В «Современном движении» Сирила Коннолли «Хороший солдат» удостоился похвалы, выраженной, правда, в довольно ленивых словах «энергия и ум». С сегодняшней точки зрения роман этот прорывается в круг модернизма благодаря совершенно другим причинам: в силу безупречно выстроенной фигуры колеблющегося, ненадежного повествователя, в силу мастерского сокрытия истинного повествования за ложным фасадом очевидности, в силу его саморефлексии, глубинной двойственности человеческих побуждений, намерений и опыта, в силу дерзости всего замысла. В 1962 году Грэм Грин писал: «Не знаю, сколько раз за истекшие без малого сорок лет я возвращался к этому роману Форда и всякий раз находил новые грани, достойные восхищения».

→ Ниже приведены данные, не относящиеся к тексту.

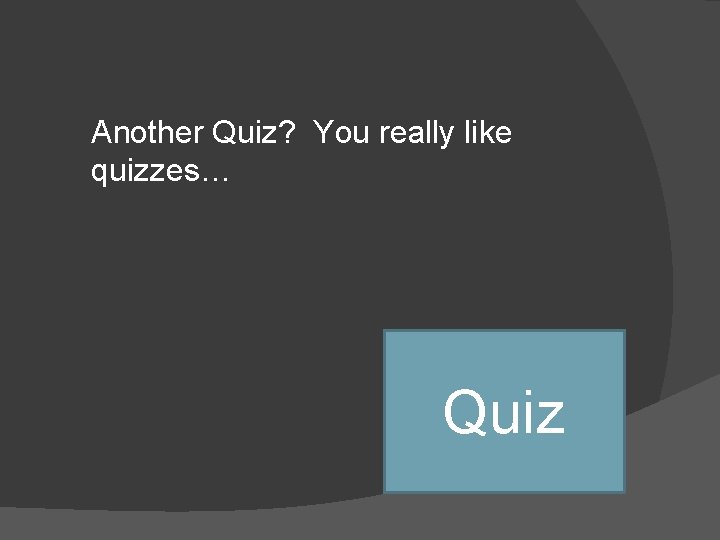 Another Quiz? You really like quizzes… Quiz 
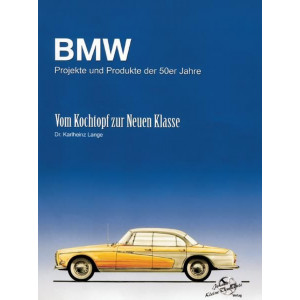 BMW Projekte und Produkte der 50er Jahre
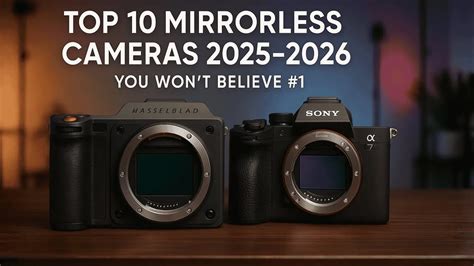 Top 10 Best Mirrorless Camera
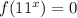 f(11^x) = 0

Возьмем знаменитый зачин романа, отмеченный чеканностью и размахом: «Это самая печальная история из всех, какие я только слышал». Наше внимание привлекает — и не напрасно — его главная часть. Но, рассуждая логически, маловероятно, что до второго (а то и третьего или четвертого) прочтения мы заметим обманчивость последнего слова. Потому что Дауэлл, повествователь, эту историю не «услышал». Он сам был ее участником, увяз в ней по горло, и сердцем, и нутром; он ее рассказывает, а слышим — мы. Он говорит «слышал» вместо «рассказывал», поскольку дистанцируется от собственной «истории страстей», отказываясь признать соучастие в ней. И если этот второй глагол в первом предложении романа не заслуживает доверия, если он трещит под ногой от нашего шага, то мы должны готовиться к тому, чтобы подступаться с осторожностью к каждой строке; через этот текст надо пробираться на цыпочках, прислушиваясь к стону и сетованию каждой половицы.